Comment Re: Food (Score 1) 151

It wasn't their infrastructure. They stole that. The oil company paid for the rights to extract the oil and invested heavily in creating the necessary infrastructure. The Venezuelan government could have argued that the contract made by the previous government was not made in good faith and taken it to international court for arbitration. Instead, they stole everything and kicked out all the people who knew how to run and maintain things.

Comment Re: Food (Score 2) 151

Venezuela nationalized (stole) the oil industry from private businesses and kicked out all the foreigners. They then drained all the money, leaving nothing for maintenance. Even if they had left money for repairs, it would not have mattered since they had kicked out most of the people who knew how to do the job. Oil infrastructure is not something you can just let run without constantly working to keep it running. As time went by, more and more of the equipment broke down, causing their overall output to drop at a steady pace.

For other types of businesses, they instituted price controls. The problem was, price cap on goods were below cost. So a small business had the choice of operating at a loss or not operating at all. Shops were seized by the government for hoarding because they refused to sell at a loss. This effectively destroyed what middle class remained.

But sure, blame the USA.

Comment For what reason? (Score 4, Insightful) 357

Who has a reason to cover for the lab leak? Only China since no one else has anything to gain from a coverup. For this to be possible would require that they have infiltrated our intelligence offices at the highest level, which is absurd. So either the claim is bullshit or our country is already controlled by the CCP. Which seems more likely?

Comment Re:How to interoperate with third-party messaging (Score 1) 70

When you're deploying E2EE at scale, how you handle and recover from the myriad of error conditions almost becomes more important than the success path. There are so many things that can break E2EE in the wild, and if you don't pay enough attention to those (or handle them in a user-unfriendly way) its only a matter of time before a lot of ordinary people in countries you've never visited suddenly start to complain that the product is completely broken.

AFAIK, the OMEMO spec doesn't talk much about this at all.
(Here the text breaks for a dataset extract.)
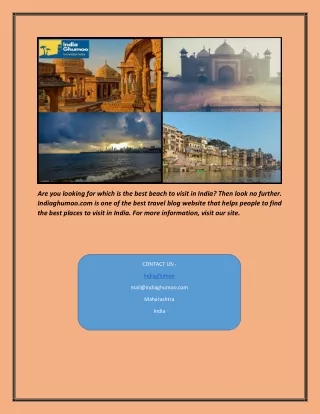 Best Travel Blog Website In India | India ghumoo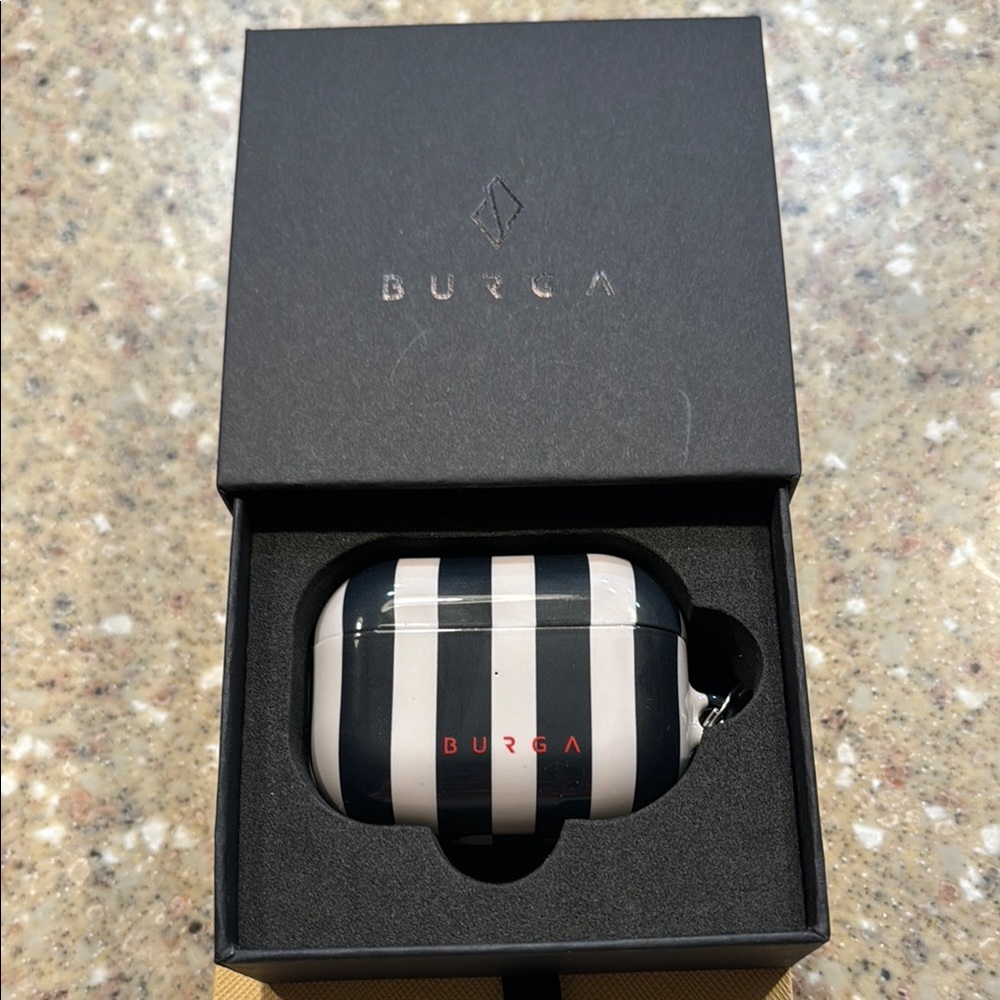 Burga Black and White Striped Phone Case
The only mentions of this in the spec appear to range from "don't handle it gracefully" to "its a TODO for this other spec we haven't published or accepted yet."

Comment Re:How to interoperate with third-party messaging (Score 1) 70

Imagine an iterative development process going something like this:
- Start with XMPP as a baseline
- Develop an efficient binary encoding, because sending large chunks of XML between low-end smartphones was stupid circa 2010
- Redesign the login/setup process because you paid dearly for every round-trip packet back in those days
- Continue to add features all on your own, for a decade, not looking to someone else's protocol implementation as a guide

At this point, it probably only resembles XMPP if you're looking at a debug dump of the protocol messages as only a WhatsApp-side app developer would even be able to. Even if XMPP now has many common features, the implementations have diverged so far that there's likely nothing in common anymore.

Also, when you're running a system with millions to billions of users, you tend to find and solve issues in ways that might not actually match how someone chatting with their 10 friends would have done it.

Comment Re:Probably a lot of exaggeration (Score 1) 77

Good point. If it was federal property, that's an issue. Though I believe if that prohibition is ever seriously challenged, the law would be tossed. Not something I've ever been concerned with since I don't have a CCW, though I clearly need to avoid making a side trip to the post office on range day.

Comment Probably a lot of exaggeration (Score 1) 77

Knowing the San Francisco Chronicle and Police, they were probably standard ball ammo and standard size magazines, instead of reduced capacity magazines sold with newer guns. Standard capacity magazines are not illegal. Using the "expanded magazine" description is to make it sound scary. Also, having a gun in your car is not necessarily illegal. It has to be unloaded and locked up (in a case or other means).